Acaba de finalizar el 8vo. Congreso del Partido, como esperábamos la inmensa mayoría de los cubanos, con la elección de Díaz-Canel como Primer Secretario y un Comité Central renovado y rejuvenecido. La promoción nos garantiza unidad y continuidad de los principios, pero también de raigales transformaciones en todo cuanto deba ser cambiado, como indicara Fidel al darnos el concepto de Revolución.

Estuve en Santa Clara cuando Díaz-Canel era allí el Primer Secretario del Partido y aquello tan distinto y mejorado. Lo había alcanzado en el mismo país, con el mismo bloqueo imperialista y las viejas coyundas internas que lastran nuestras posibilidades en varios sectores.

Había un acto donde el Che descarrilara y derrotara el tren blindado de la dictadura poco antes del triunfo revolucionario de 1959 y Díaz-Canel llegó caminando por las calles, como cualquier hijo de vecino, sin protocolo, dando y recibiendo saludos como luego lo viéramos en tantos momentos más cercanos, ya en La Habana, ocupando el cargo de Presidente de la República.

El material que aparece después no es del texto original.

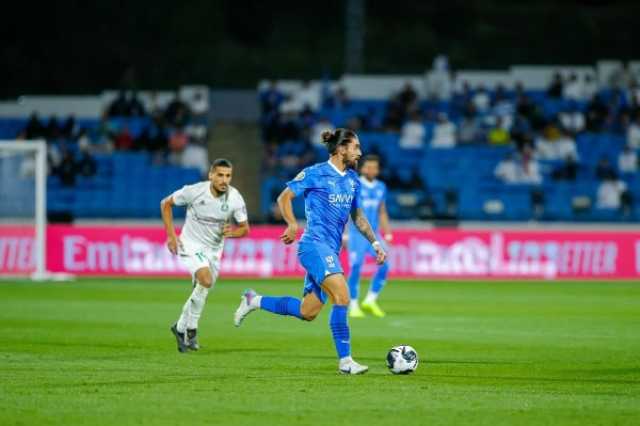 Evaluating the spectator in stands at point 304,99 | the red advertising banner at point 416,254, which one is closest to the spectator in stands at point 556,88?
the spectator in stands at point 304,99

Años después lo volví a ver en Holguín, cuando se iniciaba allí también como Primer Secretario del Partido. De aquel momento retengo una imagen muy especial: Díaz-Canel emplazando personalmente, frente a frente y en la televisión provincial, a un jefe de empresa con malos resultados. Yo, viejo periodista, fundador incluso del programa Radio Caribe en la Calle, sentí la inmensa alegría de ver cómo empleaba el contundente poder de la televisión para compulsar mejores resultados.

Ahora tenemos en este hombre los dos poderes centrales que en aras de consolidar la unidad marcan el rumbo de la nación: juventud y ganas de hacer, además de la experiencia muy personal de lo que se puede lograr a pesar de las limitaciones conocidas si utilizamos mejor el caudal de conocimientos científicos y técnicos que hay en nuestro pueblo.

Nadie puede hacerle un cuento, viene de la base y transitó por todos los niveles de dirección. Por eso la descentralización a nivel de municipio y sus reiterados llamados a acercarnos más a las universidades, a poner en juego las capacidades del pensamiento que allí se acumulan, no para exhibir un diploma de Máster o Doctor sino para responder mejor a las necesidades de cada territorio, tan disímiles como las diferentes calidades de suelos que componen nuestras áreas de cultivo.

El nuevo Comité Central encabezado por Miguel Díaz-Canel Bermúdez va a revolucionar la Revolución –sin dudas– y lo va a lograr en un tiempo tan breve como seamos capaces de asimilar el cambio de mentalidad al cual nos llama en la actualidad. Ya no más esperar por las orientaciones de arriba –aunque sí de las indicaciones centrales– para ocuparnos y resolver lo que está bien cercano y conocemos mejor que nadie. No se trata de improvisar, eso no. Hay que proyectarse con sensatez, como en la medicina al prescribir un fármaco: valorando muy bien riesgos y beneficios, pero sin miedo a equivocarnos y cuidando muy bien el destino final de los recursos porque, como advirtiera el Che, se puede meter la pata…, pero no la mano.